__Extracted entries__
————————

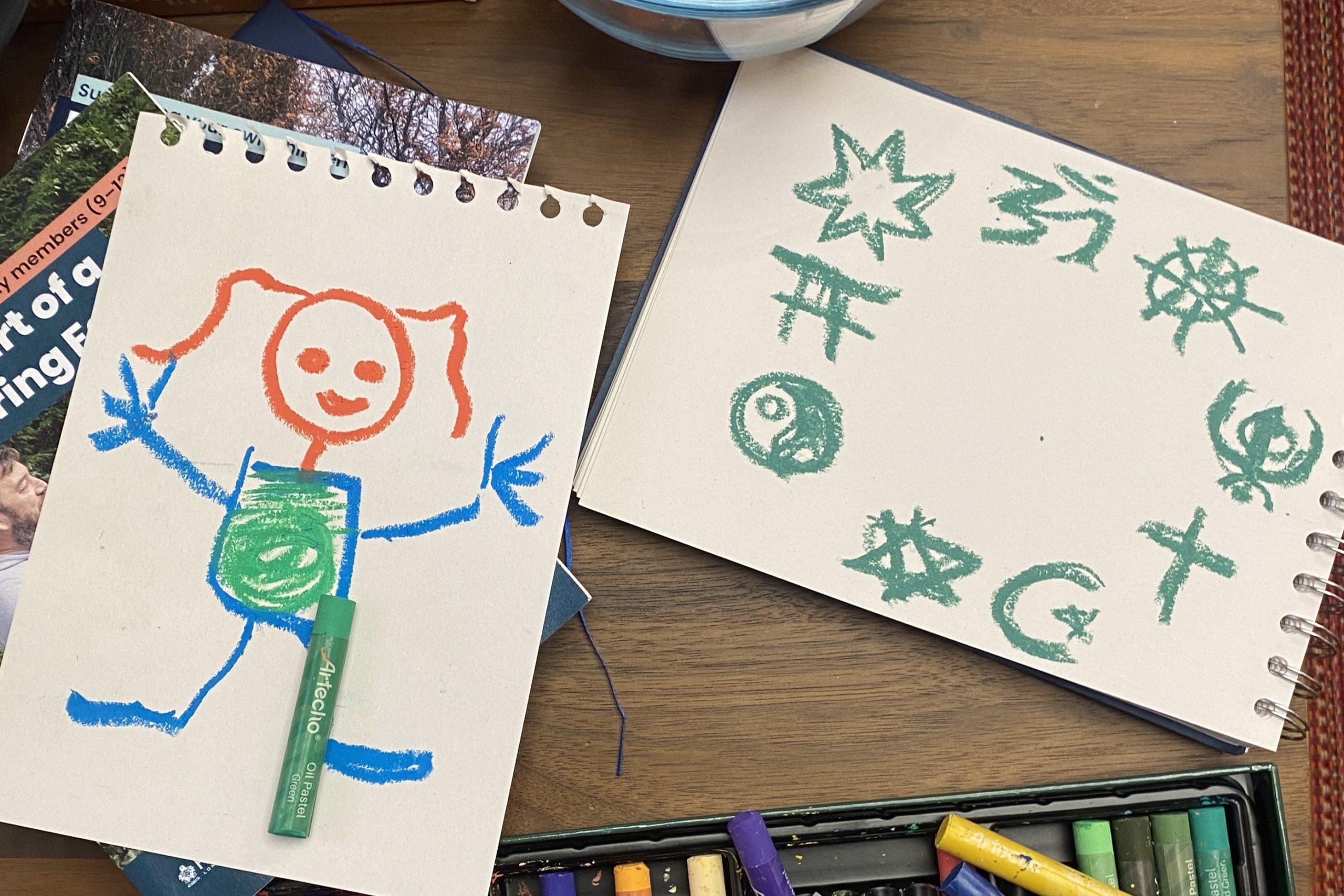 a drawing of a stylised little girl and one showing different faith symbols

————————

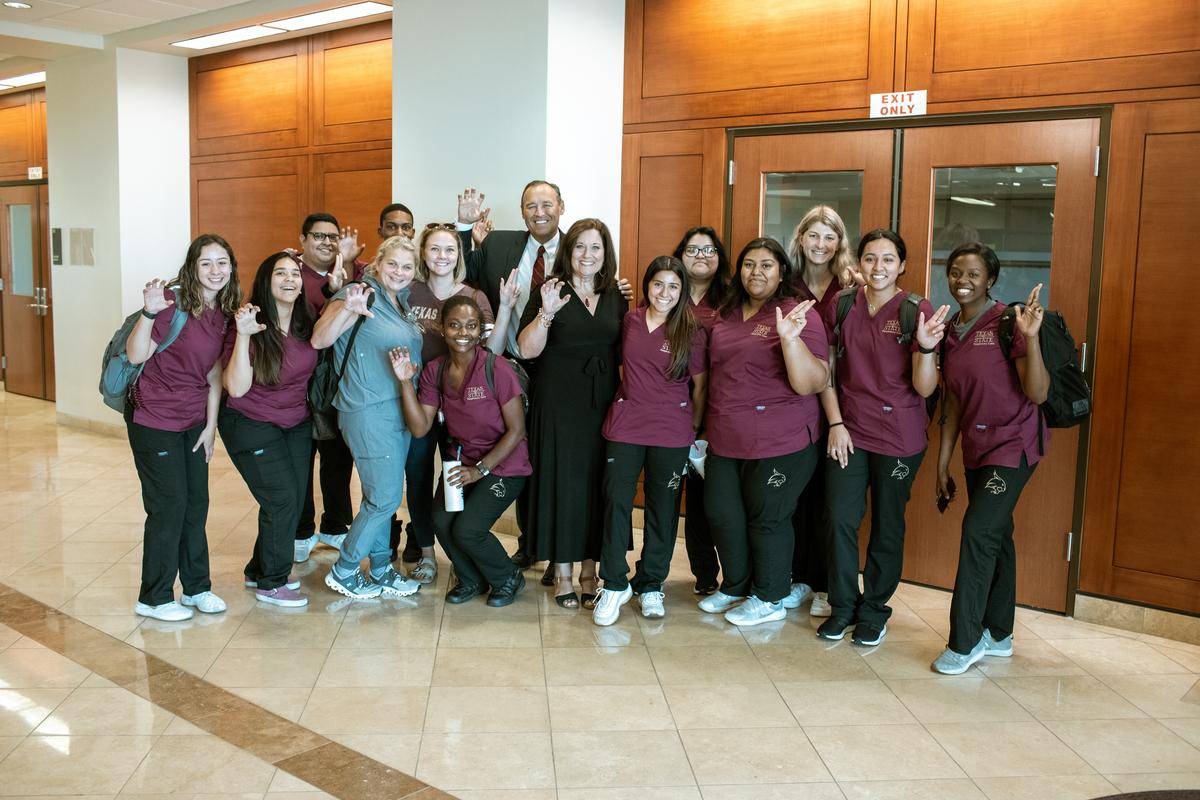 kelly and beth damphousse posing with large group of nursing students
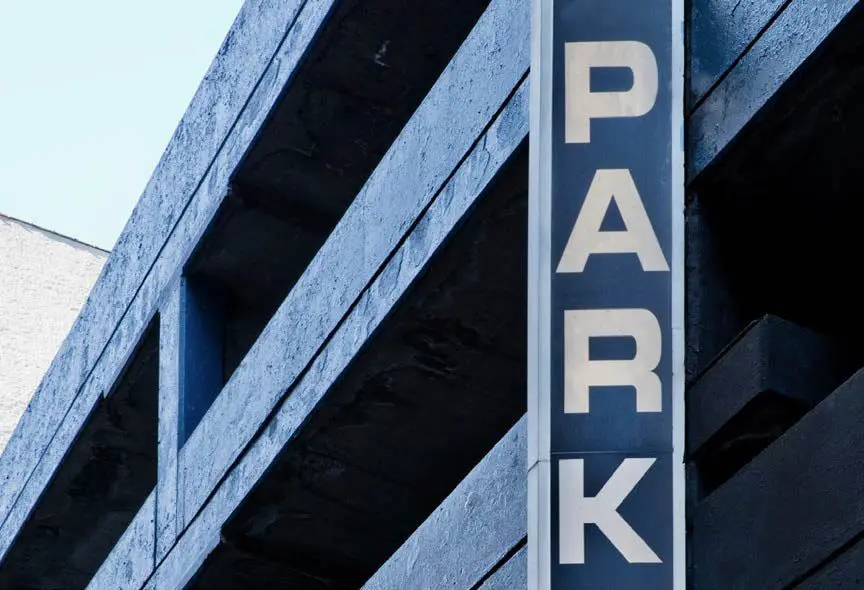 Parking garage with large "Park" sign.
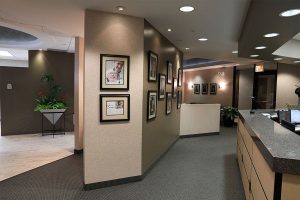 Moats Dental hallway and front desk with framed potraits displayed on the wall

————————

__Directions for this task__
Your answer must be the lines above from the one holding "kelly and beth" up to and including the one holding "Moats Dental hallway", exact and with no pictures.

__Written solution__
 kelly and beth damphousse posing with large group of nursing students
 Parking garage with large "Park" sign.
 Moats Dental hallway and front desk with framed potraits displayed on the wall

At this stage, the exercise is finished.